On every farm of a decent age, there’s a series of barns in various states of decay. Like the rings of a tree, each barn marks a passage of time — another generation of good, hard people making good of the land. I recognize those people and their barns in rural Washington and Oregon today. And they often cast me into memories of a now distant place and time: my childhood in rural New Zealand.
I was told my grandfather found the baby rabbit beneath a floorboard while picking through such a barn. My mother, grandfather and stepfather stood in a semicircle about me as I clutched their small gift to my stomach.
I remember it was so carefully still, its hot little body tense and almost indiscernibly quivering. I knew it was precious, in part because of its fragility, and that it was special, a sort of honor, to hold it. I did not understand the risk, or the problems inherent to the event. I only understood awe and that little ball of heat radiating through my sweater.
I was a boy who awoke in the small hours of the morning to spot opossums with a flashlight so my brothers could shoot them. Even though I never once found an opossum (I think I didn’t have the patience), I believe that had I struck upon one, I would have stuck my light to it strongly — suspending it rigid and exposed so that my brothers could bring it low. For what? Well, possums are pests in New Zealand.
But, to tell it true, today I doubt I could confidently shine my torch upon a possum as my brother raised his air rifle.
Perhaps the series of events of loss on that farm changed me. Perhaps a conscience grows with age, or I have just lived in cities — without the fields and the sporadic spilling of blood — for too long.

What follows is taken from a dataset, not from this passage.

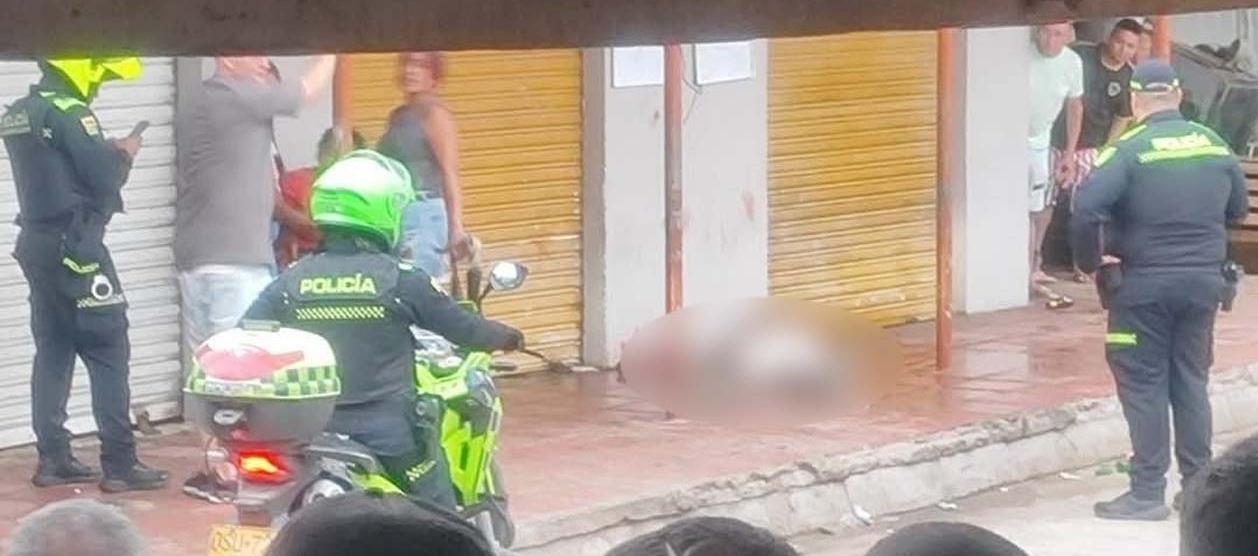 Asesinan a un hombre de 62 años cuando jugaba dominó en Villa Adela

It didn’t strike me strange that the dogs stared at me, since the adults all stared as I clutched my prize. So it was a surprise when that taut little body, which had been so carefully still — that I had cradled so gingerly in fear of hurting it — suddenly snapped, leaping into the exposed air.
I suppose it saw its chance. But sadly, so too did the dogs, and one caught that baby rabbit before it could grace the ground with its growing legs and paws (which had been carefully building in power to avoid just this sort of event).

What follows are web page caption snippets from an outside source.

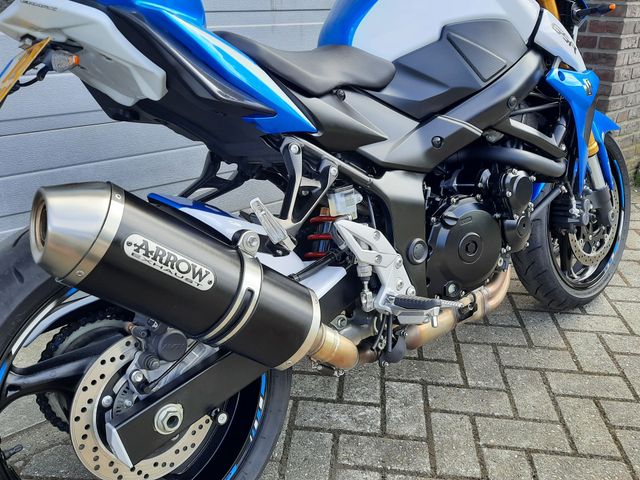 suzuki - gsr-750-a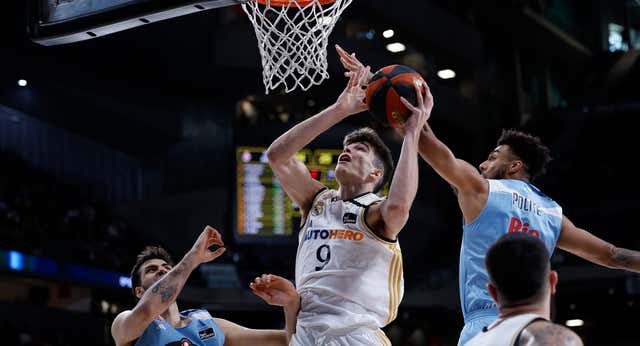 Los jóvenes piden paso en el triunfo del Real Madrid frente al Río Breogán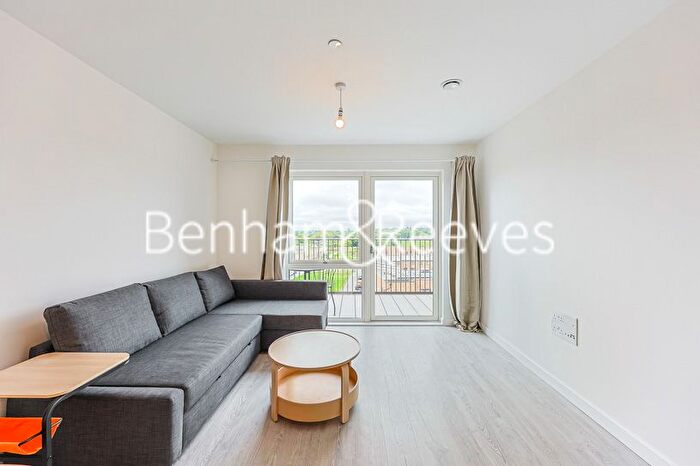 1 Bedroom Flat To Rent In Donovan Way, Harrow, HA1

I had held it, and then I had not been able to hold it, and my love for it — that warm feeling in my stomach, commingled with its warmth upon my stomach — collapsed with rot and guilt.
The adults let the dog keep the rabbit. It was my fault, and they let him keep it. It was dead and done — as much as the moment was dead and done — and now it was time to go back to work. But how could our little rabbit, in a single mistaken moment, go so brutally and so shockingly from a precious rarity to a chew toy?
The dog was not concerned as he shook that rabbit to death, and couldn’t have understood how he shook me also. Me, who I believe he loved as a dog loves his boy. Did he know that it was not long ago that he had been small and hot against my stomach? Did he not remember the kindness I had shown him when I rushed out in front of sprinting horses — many times larger than either of us, I’ll add — so that I could scoop him out of harm’s way?
I know now that it’s just what dogs do. Just like trying for an escape is what rabbits do. And failing, and learning, is what little boys do.